Yes, many users have asked us why we removed this feature, not just in the Form Builder, but in all widgets too. Card Form’s goal is to make form building as easy as possible. The goal is justified by the amount of readily available color palettes, images, and built-in features in it. Advanced customization using CSS codes is intended for advanced users who want to further customize the look and feel of their forms.
If you feel like this feature should exist on both layouts, feel free to post your comments and suggestions below or open a new Support Forum thread so we can share your feedback with the team.
Some widgets were purposely removed from Card Forms to keep everything in line with the overall functionality and design of Jotform Cards. If you search for a widget and it’s not there, that means it cannot be used in Card Forms (for now).
When Should I Use Card Forms?
Do you want to create quick and short forms? Use Card Forms! Ideally, Card Forms are more suitable, but not limited to, Sign Up forms, Newsletter Subscriptions, Registration forms, and Surveys. The goal here is to get better user engagement and form completion rates.

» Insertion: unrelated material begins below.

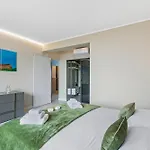 View Mercurio With Shared Pool Apartamento *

When Should I Use Classic Forms?
Are you building a client intake form or a job application form? Use Classic Forms! These kinds of forms are intended to have lots of fields to fill out. So, using the traditional layout is the right approach. Moreover, if your form requires a pixel-perfect design, then choosing the Classic Forms is your first choice for CSS customizations.
Our thoughts? The decision on when to use which layout still boils down to personal preference. This shouldn’t prevent you from using Card Forms in any scenario. The guidelines and suggestions listed above are the ideal use cases, but you can still create long and complex forms using the Card Forms layout.